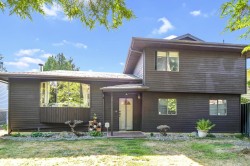 8473 152 Street Surrey, BC V3S 3M9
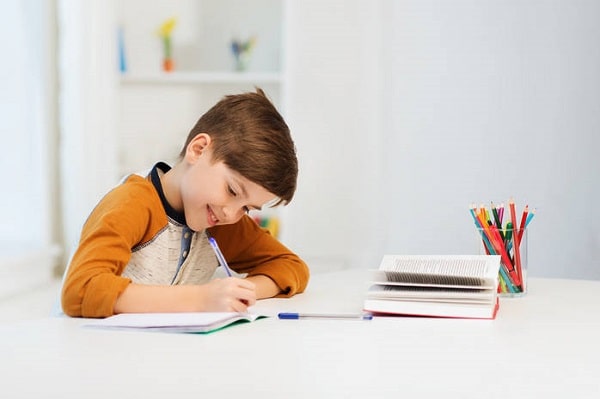 Як навчити дитину писати букви і цифри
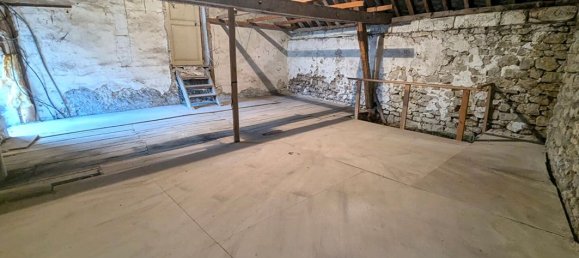 4 bedrooms House in Chisseaux, France No. 257281 8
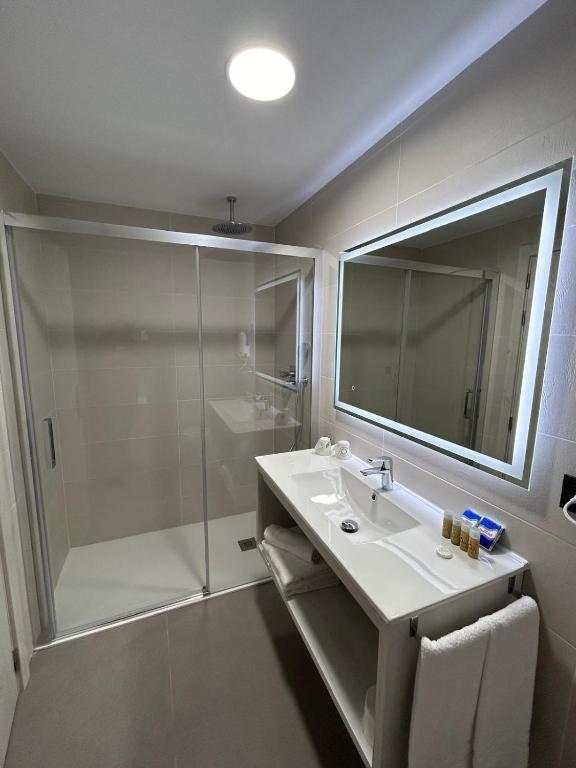 Koupelna v ubytování Hotel Javalambre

---+---

## Exercise details
Write out, exactly as they appear, the lines from the one containing "Як навчити дитину писати букви і цифри" through the end of the material above, excluding pictures.

## Solved problem
 Як навчити дитину писати букви і цифри
 4 bedrooms House in Chisseaux, France No. 257281 8
 Koupelna v ubytování Hotel Javalambre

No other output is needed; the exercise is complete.